# Former British revamped sleepers now on Ocean.



## caravanman (Jun 18, 2015)

Recently noticed this post which might be of interest, featuring former British Rail "Nightstar" sleeper coaches .

http://www.railforums.co.uk/showthread.php?t=117085 

Ed


----------



## NS VIA Fan (Jun 18, 2015)

caravanman said:


> Recently noticed this post which might be of interest, featuring former British Rail "Nightstar" sleeper coaches .


Those former Nightstars have been on the Ocean for over ten years now......VIA call them the Renaissance cars. Currently they are also used between Montreal and Quebec City.


----------



## caravanman (Jun 18, 2015)

Ooops, I am a bit late with the breaking news then! 

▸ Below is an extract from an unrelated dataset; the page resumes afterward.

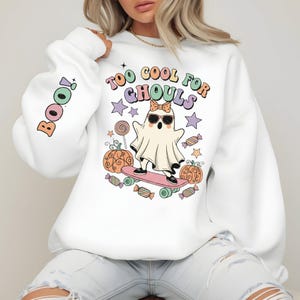 Puede incluir: Sudadera blanca con un diseño temático de Halloween. El diseño presenta un fantasma con gafas de sol y un lazo, montando en monopatín, con el texto "TOO COOL FOR GHOULS". La manga tiene la palabra "BOO" en colores pastel.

Because they look fresh in the pictures, I just assumed they were a recently added item.

Ed


----------



## Railroad Bill (Jun 18, 2015)

Just returned from our Ocean rail trip and had a great time in the Renaissance cars. The rooms are not quite as large as an Amtrak bedroom and for two people of larger size. Me = 6'6" it is a tight fit when the beds are down. Bedding was much nicer than Amtrak and the cars were very clean and neat. 10 bedrooms to each car. We were in the 38 car at the end of the train, next to the transition car (museum) and then the Park Car. But a long 10 cars to the diner.. Glass doors between the cars and painting prints on the walls. Classy looking rail cars indeed..


----------



## Blackwolf (Jun 20, 2015)

Scrolling through the photos, I caught a logo that made me smirk (mainly because I'd never seen this during my several trips on the Ocean before, leading me think that its only one particular car.) Someone playing a little cheeky homage to the car's origin with the BritishRail logo there?


----------



## caravanman (Jun 21, 2015)

Well spotted ! The B.R. catering is the one bit we in the UK all want to forget about though. 

Ed


----------



## NS VIA Fan (Jun 21, 2015)

I took that photo with the BR logo back in Nov 2009. I'm planning a trip on the Ocean this summer so I'll check to see if it's still there.


----------



## railiner (Jun 22, 2015)

Reminds me of the RTG Turboliner's built by ANF-Frangeco that Amtrak bought in 1973....came complete with SNCF signs throughout the interiror....


----------